-- SUPPLIED RECORDS --
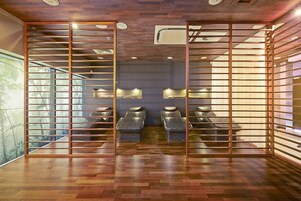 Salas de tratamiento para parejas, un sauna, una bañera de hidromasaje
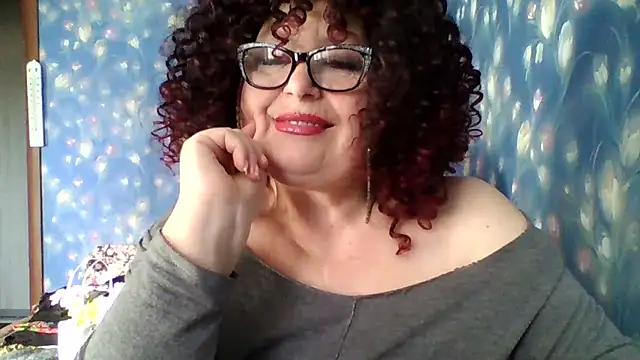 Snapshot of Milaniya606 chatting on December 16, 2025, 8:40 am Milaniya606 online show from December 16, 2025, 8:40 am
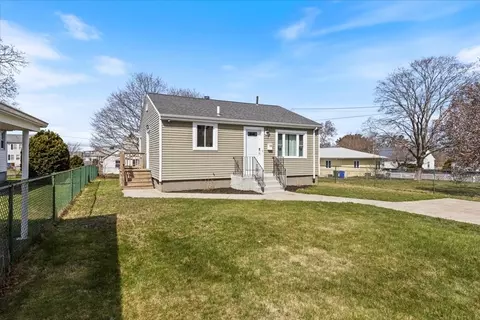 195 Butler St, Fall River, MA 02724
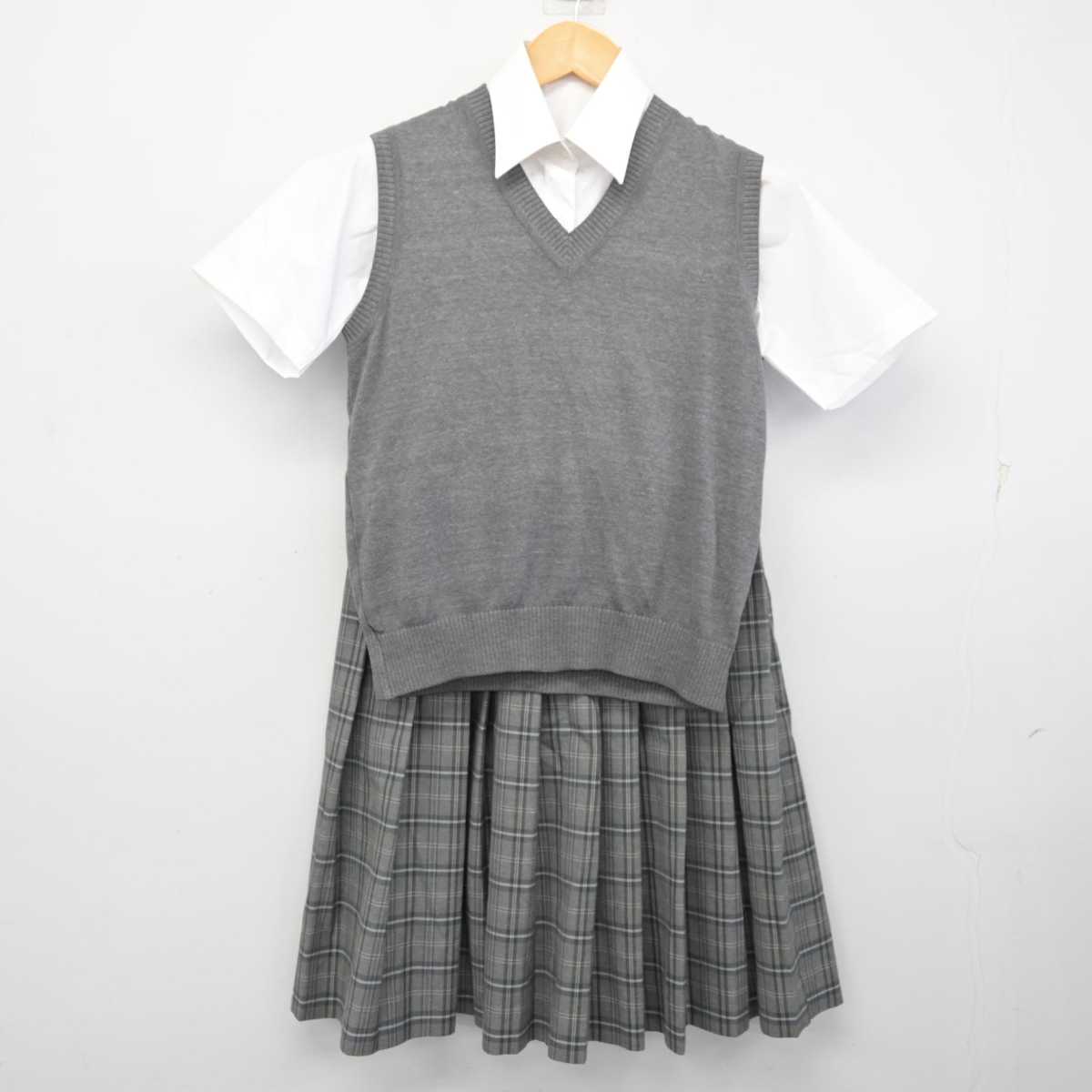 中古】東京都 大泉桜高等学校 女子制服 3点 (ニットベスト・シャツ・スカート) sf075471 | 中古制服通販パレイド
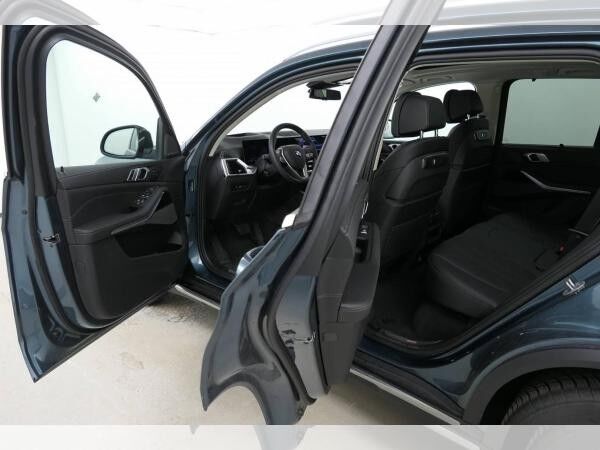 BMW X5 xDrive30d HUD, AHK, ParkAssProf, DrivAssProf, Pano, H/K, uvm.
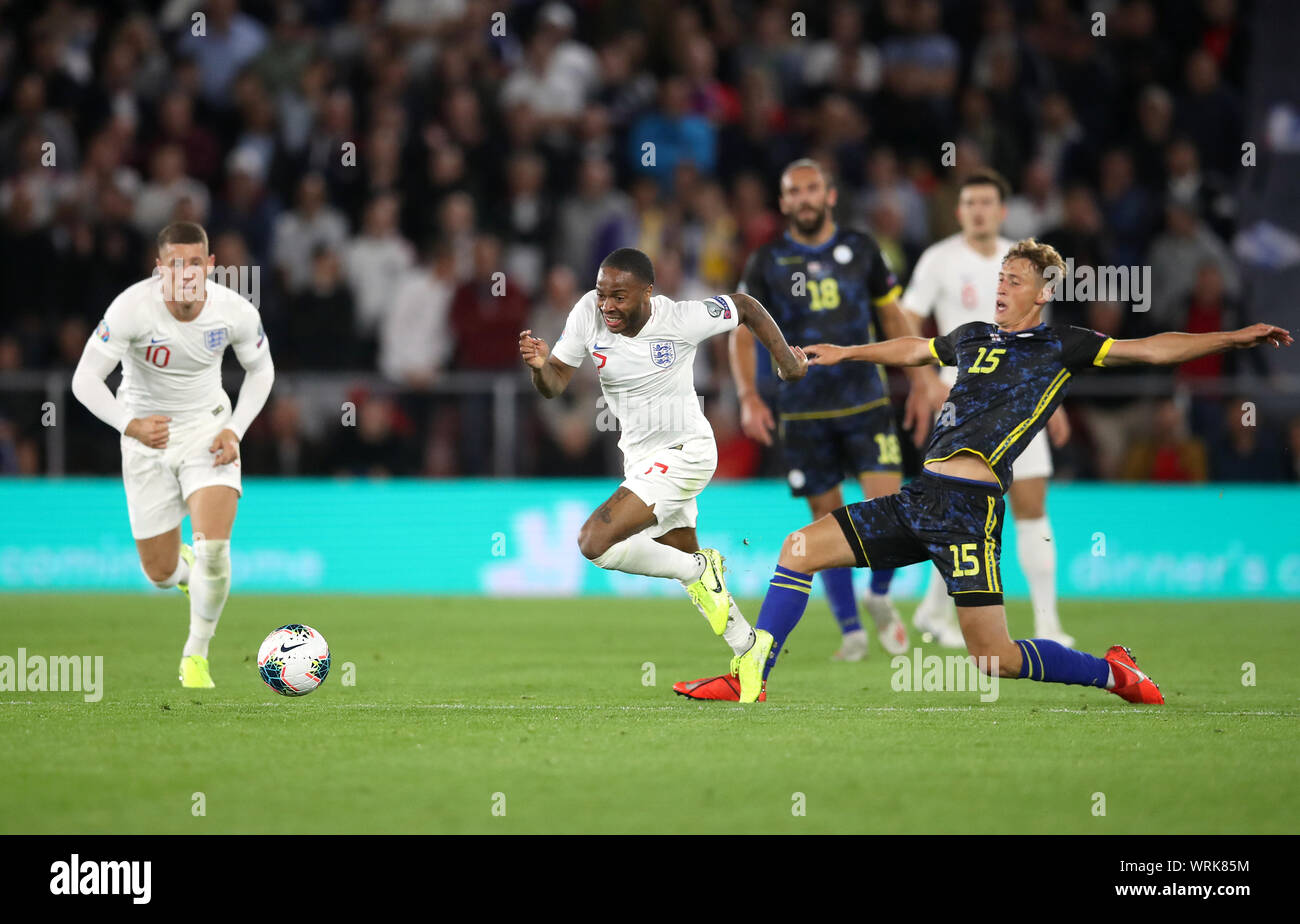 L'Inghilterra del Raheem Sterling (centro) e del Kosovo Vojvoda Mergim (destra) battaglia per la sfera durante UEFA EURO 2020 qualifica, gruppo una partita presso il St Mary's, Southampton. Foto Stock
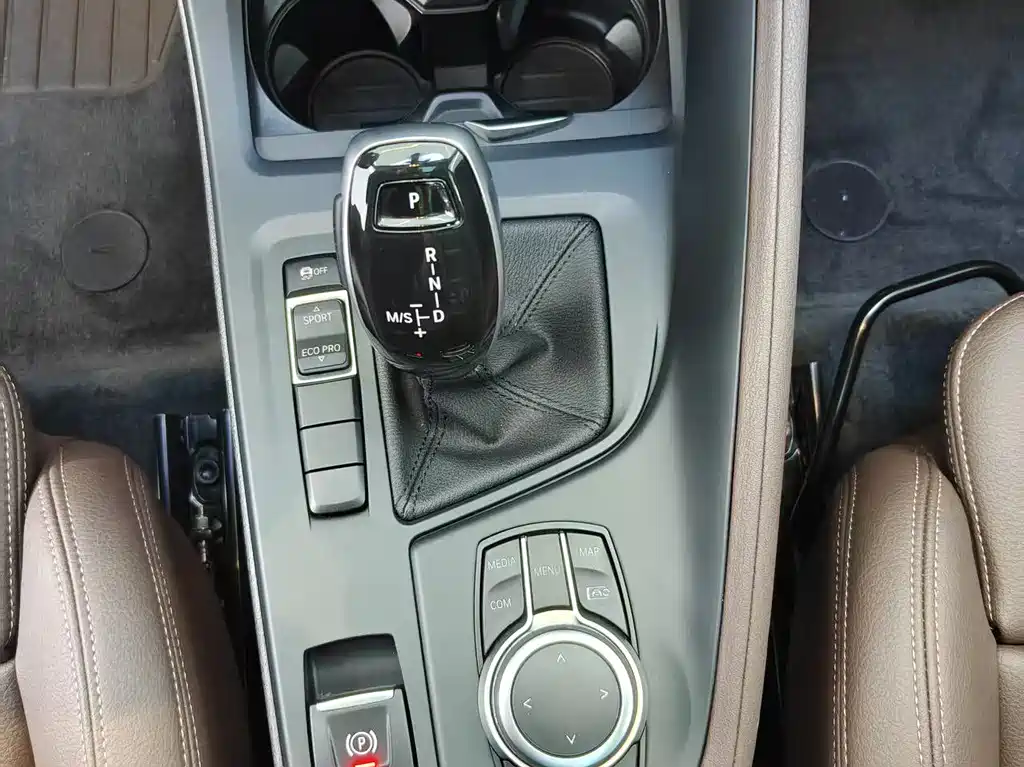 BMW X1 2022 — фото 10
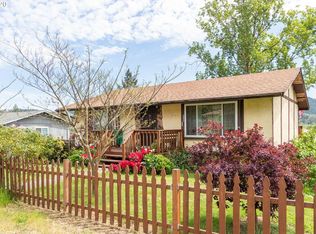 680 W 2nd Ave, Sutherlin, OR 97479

-- REQUIRED WORK --
When you reach the line containing "中古】東京都 大泉桜高等学校 女子制服" in the entries above, begin restating word for word, and stop once the line containing "BMW X1 2022 — фото 10" has been given. Omit the pictures.

-- OUTPUT FOR THIS EXERCISE --
 中古】東京都 大泉桜高等学校 女子制服 3点 (ニットベスト・シャツ・スカート) sf075471 | 中古制服通販パレイド
 BMW X5 xDrive30d HUD, AHK, ParkAssProf, DrivAssProf, Pano, H/K, uvm.
 L'Inghilterra del Raheem Sterling (centro) e del Kosovo Vojvoda Mergim (destra) battaglia per la sfera durante UEFA EURO 2020 qualifica, gruppo una partita presso il St Mary's, Southampton. Foto Stock
 BMW X1 2022 — фото 10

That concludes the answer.